Long before rendering two-dimensional designs into three-dimensional models became standard architectural procedure, the indigenous peoples of Latin America represented buildings in small-scale forms to much different ends. Andean and Mesoamerican cultures crafted replicas of temples and houses for funerary and burial rites, and to honor loved ones at shrines.

This ritualistic use of the architectural model is the focus of Design for Eternity: Architectural Models from the Ancient Americas, a compact and enlightening exhibition at the Metropolitan Museum of Art that opened Monday and runs through Sept. 18, 2016. The first such show in the United States, it’s tucked into its own sort of tiny shrine and comprises artifacts from multiple ancient American cultures, including the Mayas, Aztecs, Recuay, and Nayarit, with objects dating back to the first millennium B.C. The items range from 5-inch-tall stone Mezcalan temples to the breathtakingly detailed, 12-inch-tall, two-story Nayarit house model.
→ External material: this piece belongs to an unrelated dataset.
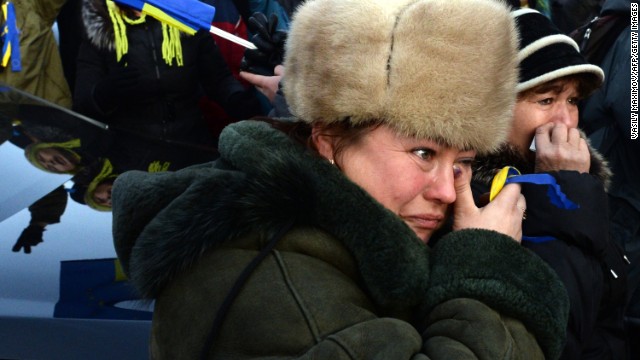 A woman cries during a rally on November 30.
Together, the objects form an architectural record of civilizations whose structures — and customs — are mostly vanished.

The Nayarit house model, for example, captures a feast scene on the upper level, while the family’s dead, who would have been traditionally buried under the building, are below. The piece is one of the most complex architectural models to originate from the ancient Americas, according to the exhibit, a point that’s hard to argue when compared with simpler objects in the show, like a notched bowl or a vessel shaped like a temple.

Nearby is another stunning Nayarit object, a ball-court game diorama that preserves a highly ritualistic sports moment that would have occurred between 200 B.C. and 500 A.D. At the top is a row of onlookers watching players at the base locked in an intense competition. Like the house model, it’s highly evocative thanks to painstaking detail — a player is caught hitting the ball, mid-strike, with his knee — and captures the game’s charged atmosphere and civic spirit.

Such large-scale representative pieces are organized with more utilitarian ones, like a ceramic Recuay ritual scene vessel from 200-600 A.D. that highlights sculpted figures at an altar. Some and even border on the abstract, like a Moche stirrup-spout vessel from the same period made like a wave evoking both a stairway and a typical Moche design motif.

It’s a wonderfully curated collection of artifacts. And taken together, they offer a unique encounter with ancient American cultures — a resurrection of the daily lives of long-ago civilizations, in imperfect miniature.